The answer to your question is no, that is not possible. This is a consequence of the following slightly more general result. Let $d(n)$ is the number of divisors of $n$.
Theorem Let $G$ be a finite group of order $n$. Then for any divisor $m$ of $n$, there
exist at least $d(m)$ subgroups of $G$ of order dividing $m$.
Proof We prove the statement by induction on $m$, for all finite groups $G$. It's clear for $m=1$.
For $m>1$, let $p$ be a prime dividing $m$, and let $m = p^r k$ with $\gcd(p,k)=1$.
Since $d(m) = (r+1)d(k)$, it is sufficient to prove that, for each $i$ with
$0 \le i \le r$, there are at least $d(k)$ subgroups of $G$ of order $p^i j$,
for some $j$ that divides $k$.
So fix an $i$, let $P$ be any subgroup of $G$ of order $p^i$, let $N = N_G(P)$ be the normalizer of $P$ in $G$, and let $h = \gcd(|N|,k)$.
Since $h \le k < m$ and $h$ divides $|N/P|$, by inductive hypothesis, the number $s$ of subgroups $S/P$ of $N/P$ of order dividing $h$ satisfies $s \ge d(h)$. For each of these subgroups, the inverse image $S$ of $S/P$ in $N/P$ is a subgroup of $G$ of order $p^i j$, where $|S/P| = j$ divides $h$, and so $j$ divides $k$.
Now $P$ has $|G|/|N|$ distinct conjugates $P^g$ in $G$, and the $s|G|/|N|$ subgroups $S^g$ are all distinct. But $|G|/|N| \ge k/h$, so $s|G|/|N| \ge d(h)k/h \ge d(k)$, which completes the proof.

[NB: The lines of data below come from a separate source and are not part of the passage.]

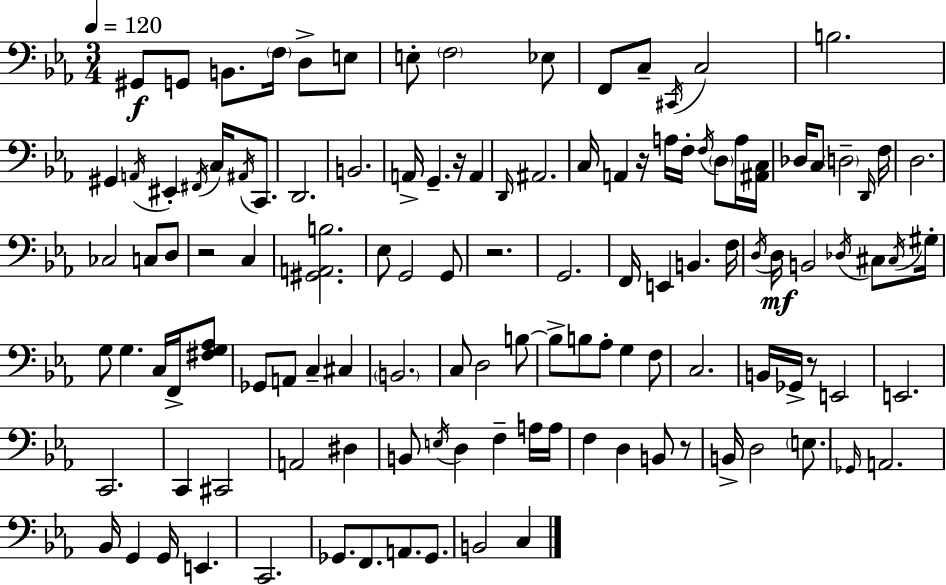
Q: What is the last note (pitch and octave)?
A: C3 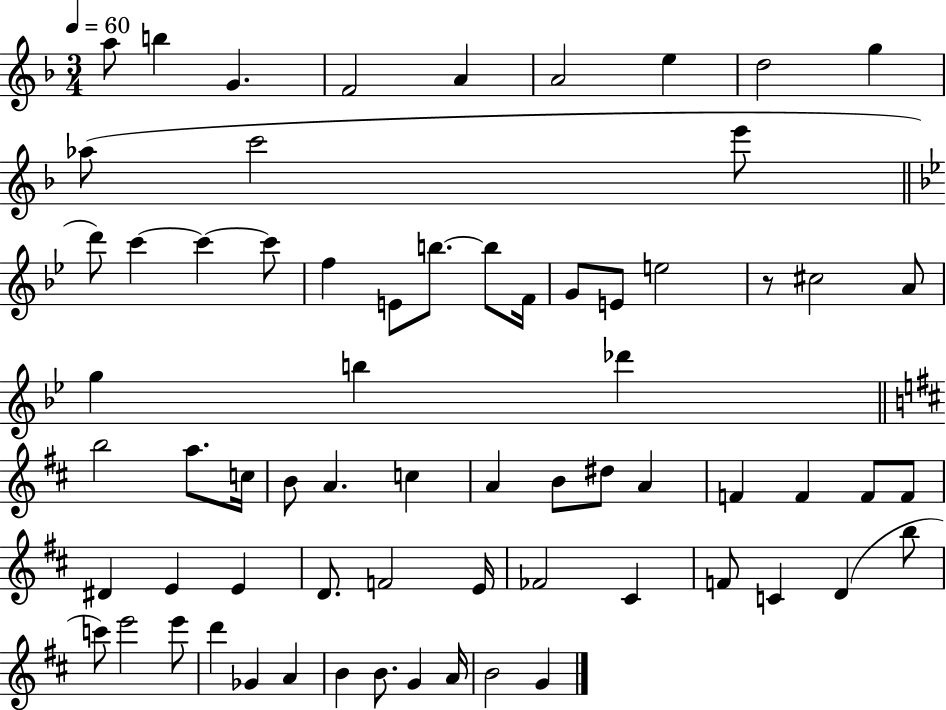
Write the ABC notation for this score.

X:1
T:Untitled
M:3/4
L:1/4
K:F
a/2 b G F2 A A2 e d2 g _a/2 c'2 e'/2 d'/2 c' c' c'/2 f E/2 b/2 b/2 F/4 G/2 E/2 e2 z/2 ^c2 A/2 g b _d' b2 a/2 c/4 B/2 A c A B/2 ^d/2 A F F F/2 F/2 ^D E E D/2 F2 E/4 _F2 ^C F/2 C D b/2 c'/2 e'2 e'/2 d' _G A B B/2 G A/4 B2 G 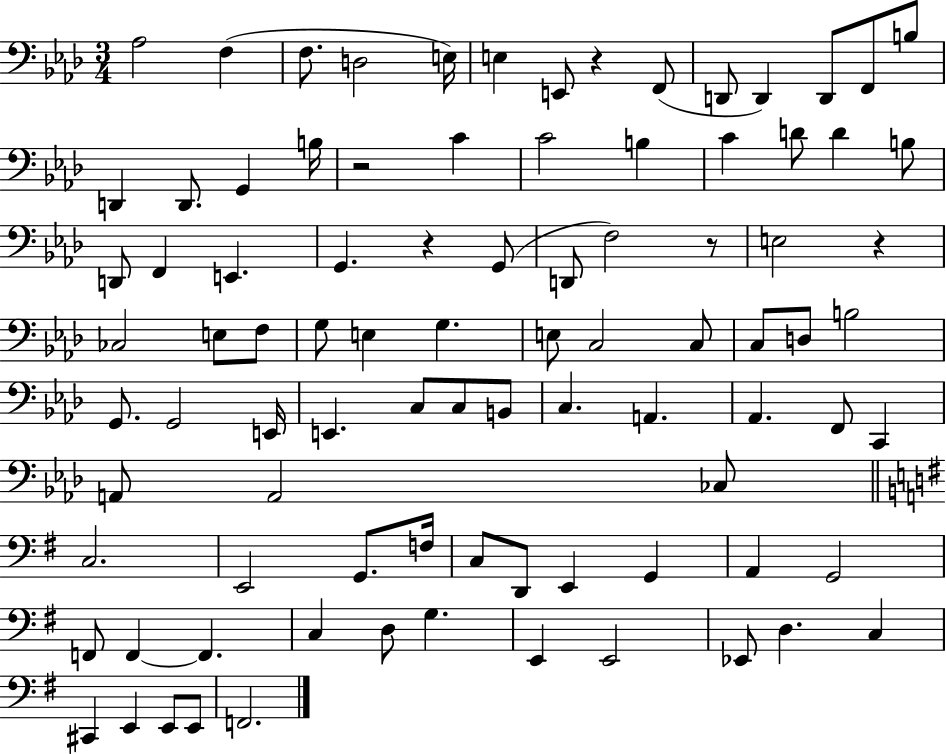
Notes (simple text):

Ab3/h F3/q F3/e. D3/h E3/s E3/q E2/e R/q F2/e D2/e D2/q D2/e F2/e B3/e D2/q D2/e. G2/q B3/s R/h C4/q C4/h B3/q C4/q D4/e D4/q B3/e D2/e F2/q E2/q. G2/q. R/q G2/e D2/e F3/h R/e E3/h R/q CES3/h E3/e F3/e G3/e E3/q G3/q. E3/e C3/h C3/e C3/e D3/e B3/h G2/e. G2/h E2/s E2/q. C3/e C3/e B2/e C3/q. A2/q. Ab2/q. F2/e C2/q A2/e A2/h CES3/e C3/h. E2/h G2/e. F3/s C3/e D2/e E2/q G2/q A2/q G2/h F2/e F2/q F2/q. C3/q D3/e G3/q. E2/q E2/h Eb2/e D3/q. C3/q C#2/q E2/q E2/e E2/e F2/h. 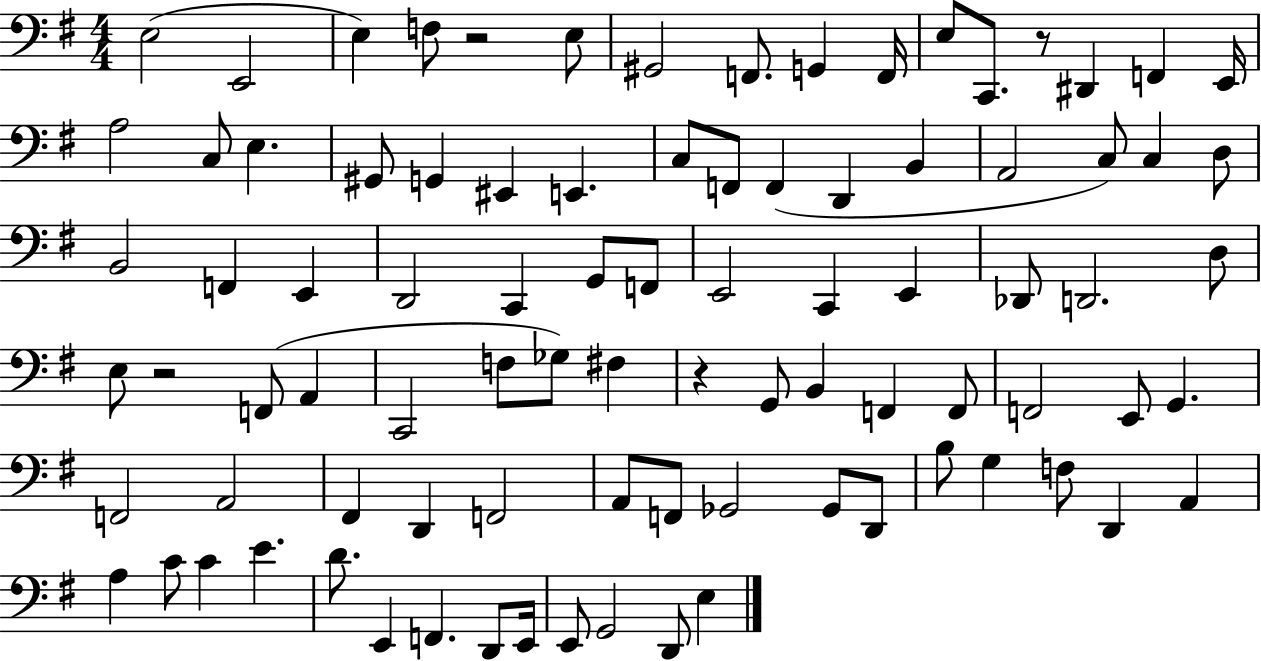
X:1
T:Untitled
M:4/4
L:1/4
K:G
E,2 E,,2 E, F,/2 z2 E,/2 ^G,,2 F,,/2 G,, F,,/4 E,/2 C,,/2 z/2 ^D,, F,, E,,/4 A,2 C,/2 E, ^G,,/2 G,, ^E,, E,, C,/2 F,,/2 F,, D,, B,, A,,2 C,/2 C, D,/2 B,,2 F,, E,, D,,2 C,, G,,/2 F,,/2 E,,2 C,, E,, _D,,/2 D,,2 D,/2 E,/2 z2 F,,/2 A,, C,,2 F,/2 _G,/2 ^F, z G,,/2 B,, F,, F,,/2 F,,2 E,,/2 G,, F,,2 A,,2 ^F,, D,, F,,2 A,,/2 F,,/2 _G,,2 _G,,/2 D,,/2 B,/2 G, F,/2 D,, A,, A, C/2 C E D/2 E,, F,, D,,/2 E,,/4 E,,/2 G,,2 D,,/2 E, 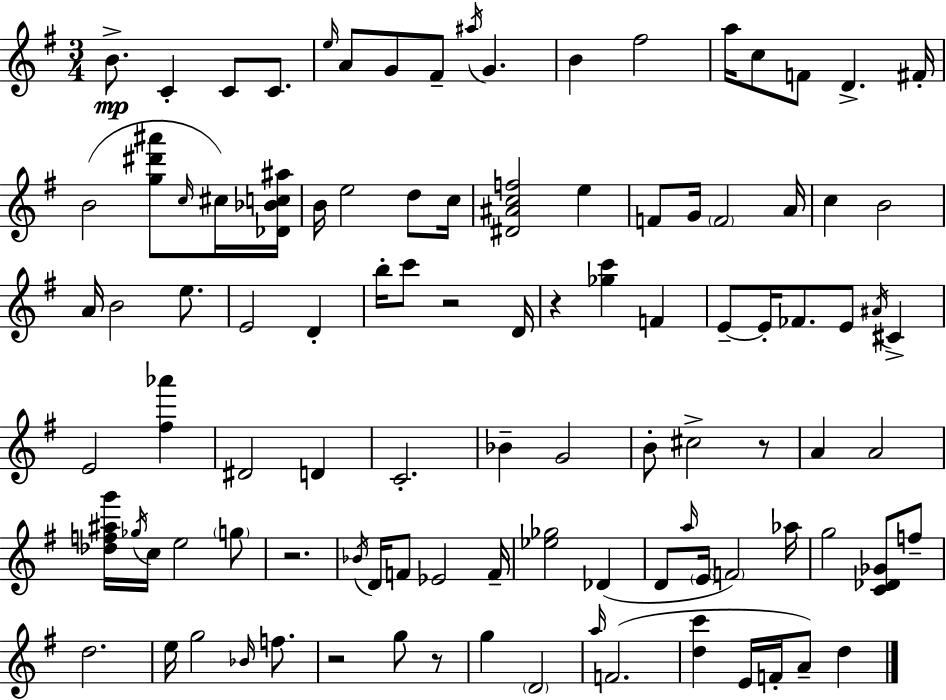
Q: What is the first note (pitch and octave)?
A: B4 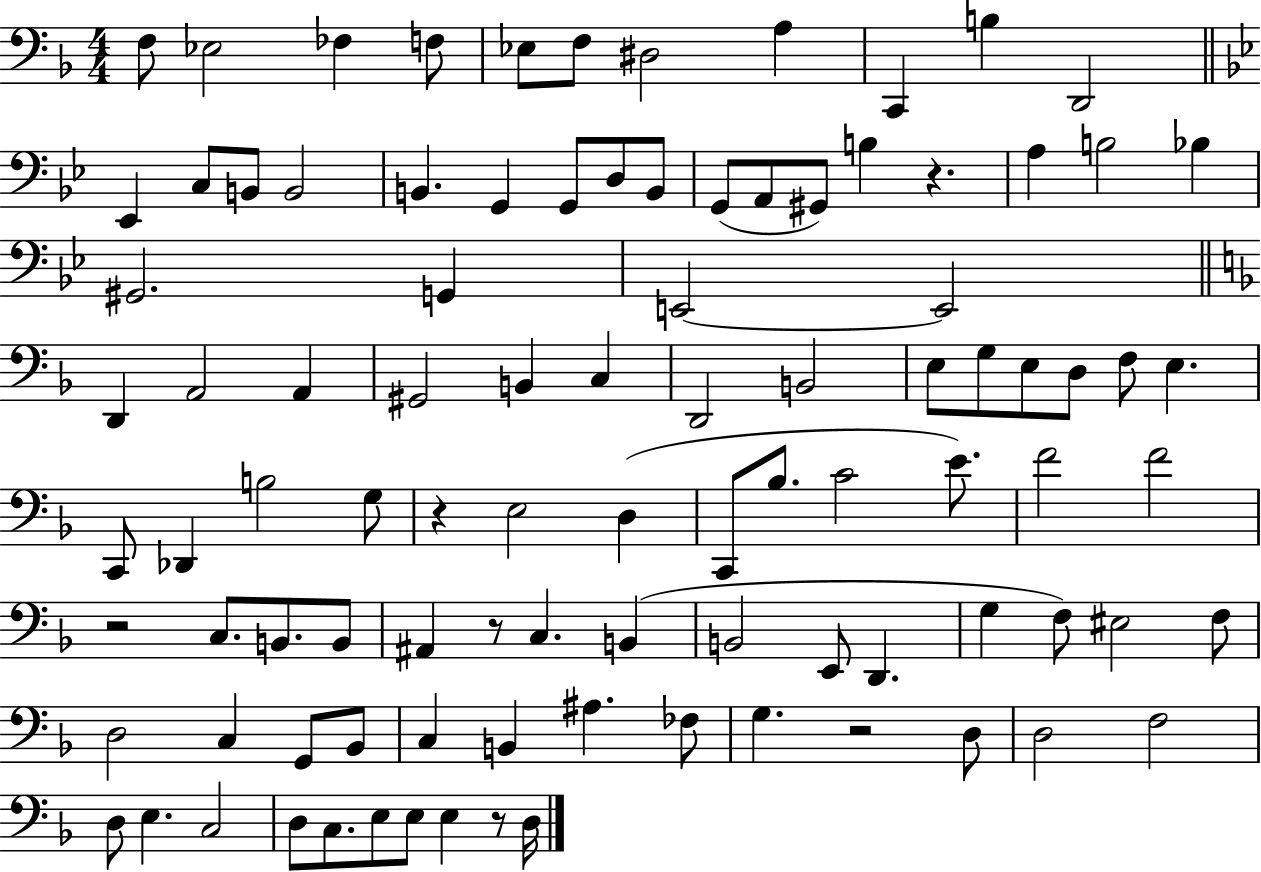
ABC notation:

X:1
T:Untitled
M:4/4
L:1/4
K:F
F,/2 _E,2 _F, F,/2 _E,/2 F,/2 ^D,2 A, C,, B, D,,2 _E,, C,/2 B,,/2 B,,2 B,, G,, G,,/2 D,/2 B,,/2 G,,/2 A,,/2 ^G,,/2 B, z A, B,2 _B, ^G,,2 G,, E,,2 E,,2 D,, A,,2 A,, ^G,,2 B,, C, D,,2 B,,2 E,/2 G,/2 E,/2 D,/2 F,/2 E, C,,/2 _D,, B,2 G,/2 z E,2 D, C,,/2 _B,/2 C2 E/2 F2 F2 z2 C,/2 B,,/2 B,,/2 ^A,, z/2 C, B,, B,,2 E,,/2 D,, G, F,/2 ^E,2 F,/2 D,2 C, G,,/2 _B,,/2 C, B,, ^A, _F,/2 G, z2 D,/2 D,2 F,2 D,/2 E, C,2 D,/2 C,/2 E,/2 E,/2 E, z/2 D,/4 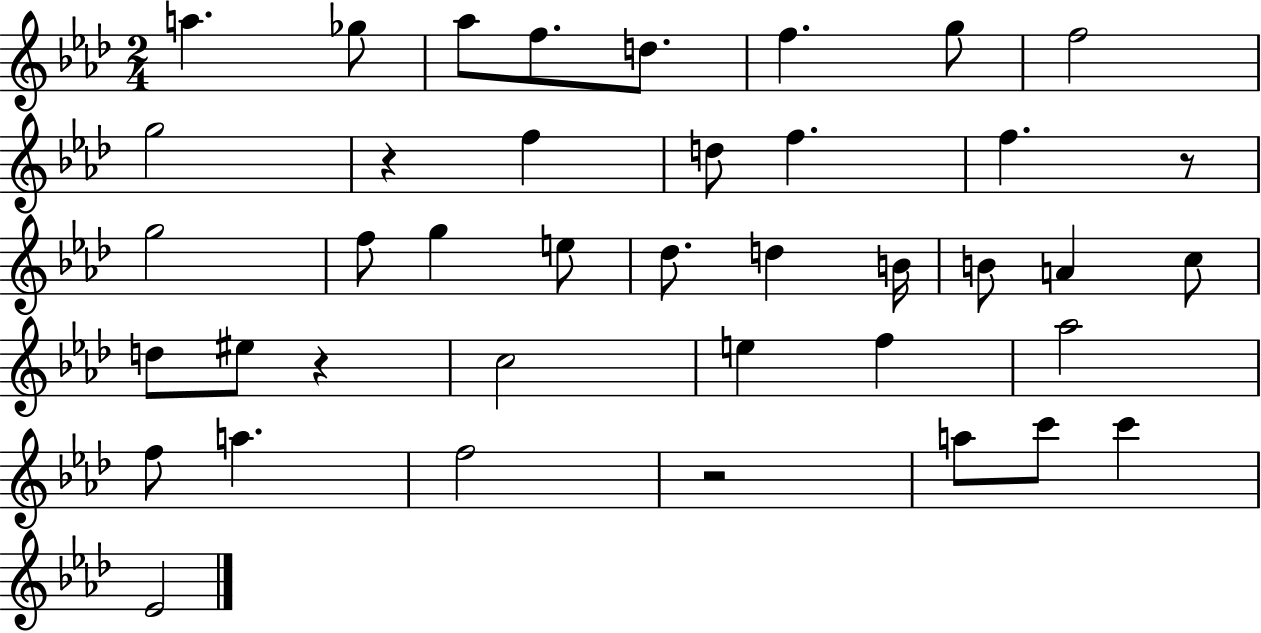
X:1
T:Untitled
M:2/4
L:1/4
K:Ab
a _g/2 _a/2 f/2 d/2 f g/2 f2 g2 z f d/2 f f z/2 g2 f/2 g e/2 _d/2 d B/4 B/2 A c/2 d/2 ^e/2 z c2 e f _a2 f/2 a f2 z2 a/2 c'/2 c' _E2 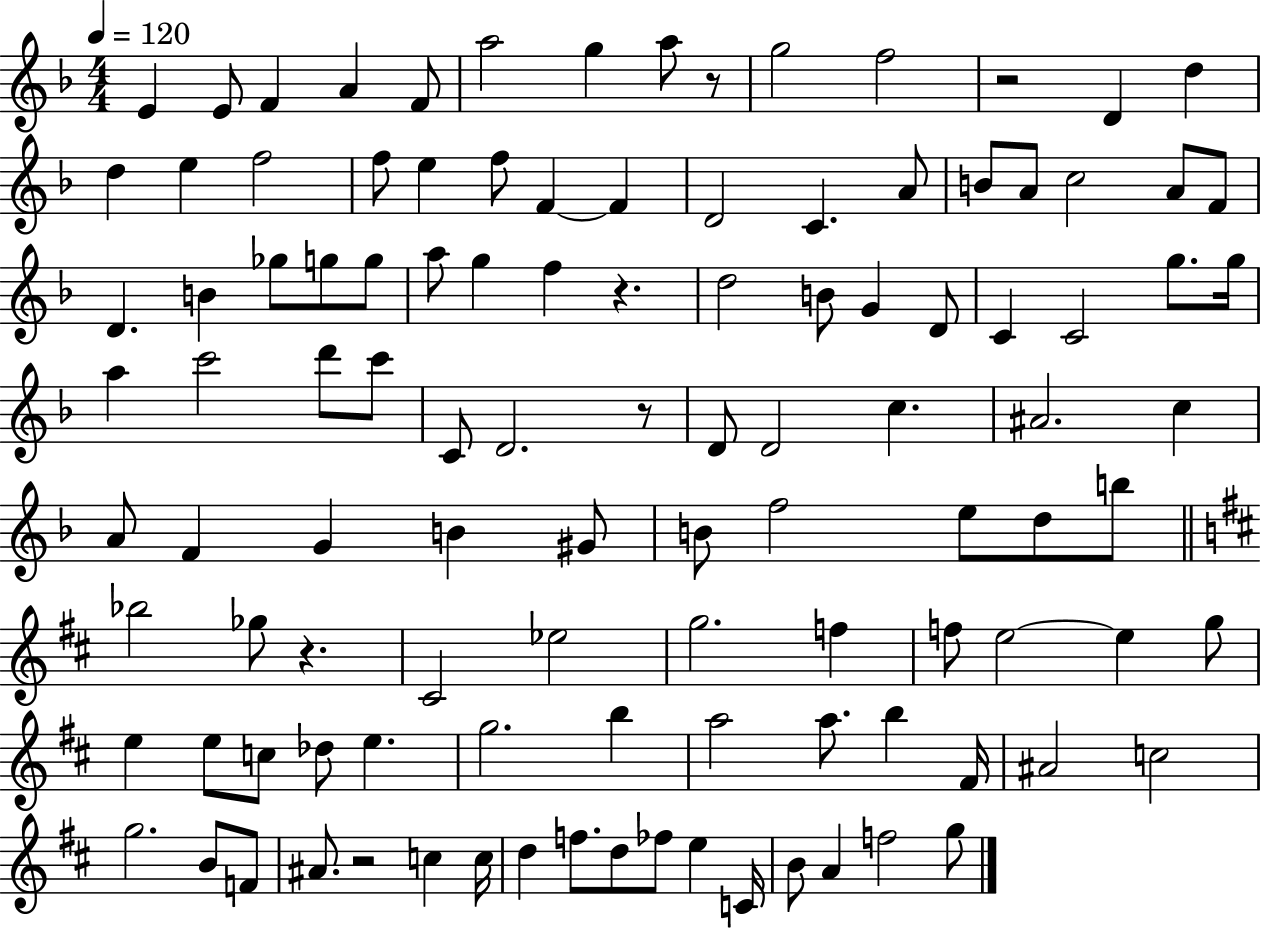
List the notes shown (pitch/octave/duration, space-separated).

E4/q E4/e F4/q A4/q F4/e A5/h G5/q A5/e R/e G5/h F5/h R/h D4/q D5/q D5/q E5/q F5/h F5/e E5/q F5/e F4/q F4/q D4/h C4/q. A4/e B4/e A4/e C5/h A4/e F4/e D4/q. B4/q Gb5/e G5/e G5/e A5/e G5/q F5/q R/q. D5/h B4/e G4/q D4/e C4/q C4/h G5/e. G5/s A5/q C6/h D6/e C6/e C4/e D4/h. R/e D4/e D4/h C5/q. A#4/h. C5/q A4/e F4/q G4/q B4/q G#4/e B4/e F5/h E5/e D5/e B5/e Bb5/h Gb5/e R/q. C#4/h Eb5/h G5/h. F5/q F5/e E5/h E5/q G5/e E5/q E5/e C5/e Db5/e E5/q. G5/h. B5/q A5/h A5/e. B5/q F#4/s A#4/h C5/h G5/h. B4/e F4/e A#4/e. R/h C5/q C5/s D5/q F5/e. D5/e FES5/e E5/q C4/s B4/e A4/q F5/h G5/e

After thinking about it again, I think we can say that a group of order $n$ with exactly $d(n)$ subgroups must be cyclic. The above proof produces at least $d(n)$ subgroups with a normal $p$-subgroup for any prime divisor $p$ of $n$. So if there were exactly $d(n)$ subgroups, then all subgroups would have all of their Sylow subgroups normal, so they would all, including $G$ itself, be nilpotent. But a non-cyclic $p$-group $P$ has more than one subgroup of index $p$, and hence has more than $d(|P|)$ subgroups, so all Sylow subgroups of $G$ are cyclic and hence so is $G$.
By the way, I first posted this proof here in 2003. I would welcome any references to any other proofs.